**Source material:**
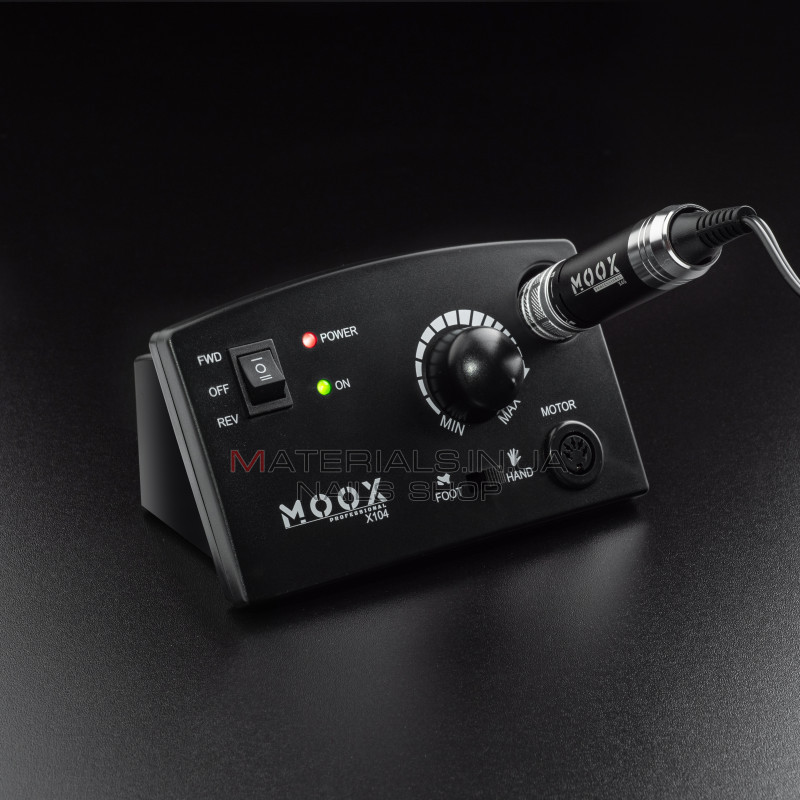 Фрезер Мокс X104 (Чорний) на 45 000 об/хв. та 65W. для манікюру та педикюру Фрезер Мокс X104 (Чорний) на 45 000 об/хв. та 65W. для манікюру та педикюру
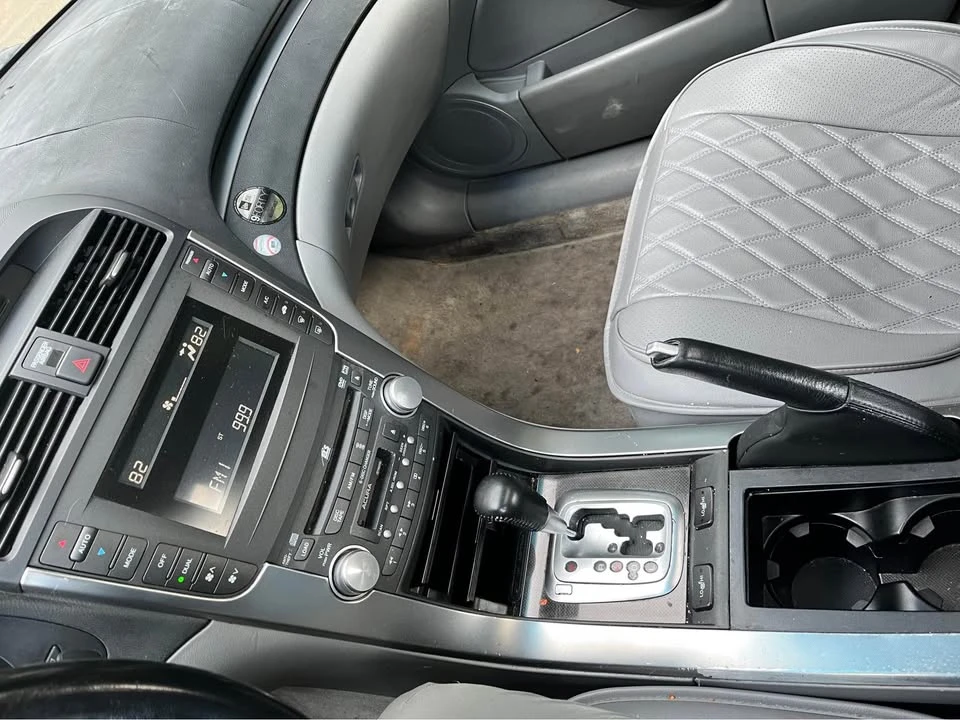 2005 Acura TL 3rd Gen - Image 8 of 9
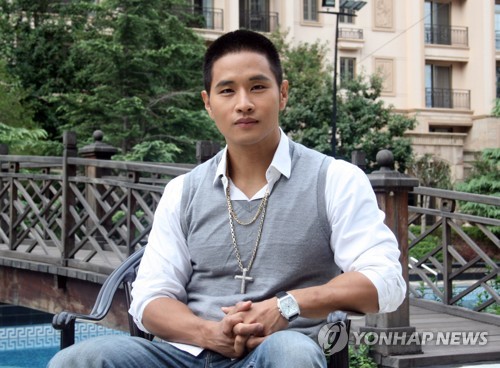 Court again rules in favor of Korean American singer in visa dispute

...

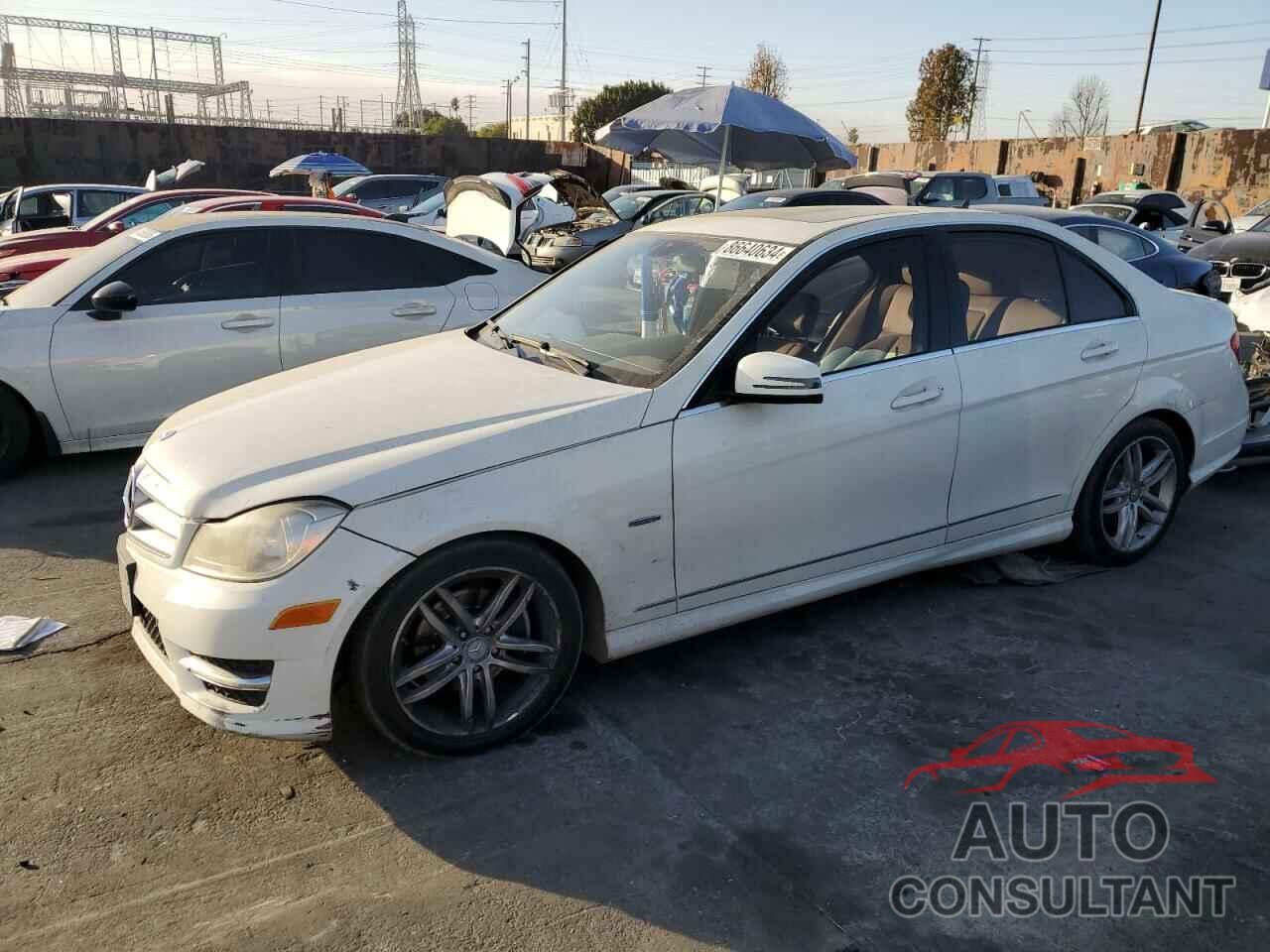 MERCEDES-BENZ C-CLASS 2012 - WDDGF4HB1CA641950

==

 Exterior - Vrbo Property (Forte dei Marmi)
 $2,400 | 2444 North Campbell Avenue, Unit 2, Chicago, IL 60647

**Exercise requirements:** Please give an exact copy of the lines above, beginning with the line containing "Exterior - Vrbo Property (Forte dei Marmi)" and running through the line containing "Chicago, IL 60647", and of no other lines.

**Result below:**
 Exterior - Vrbo Property (Forte dei Marmi)
 $2,400 | 2444 North Campbell Avenue, Unit 2, Chicago, IL 60647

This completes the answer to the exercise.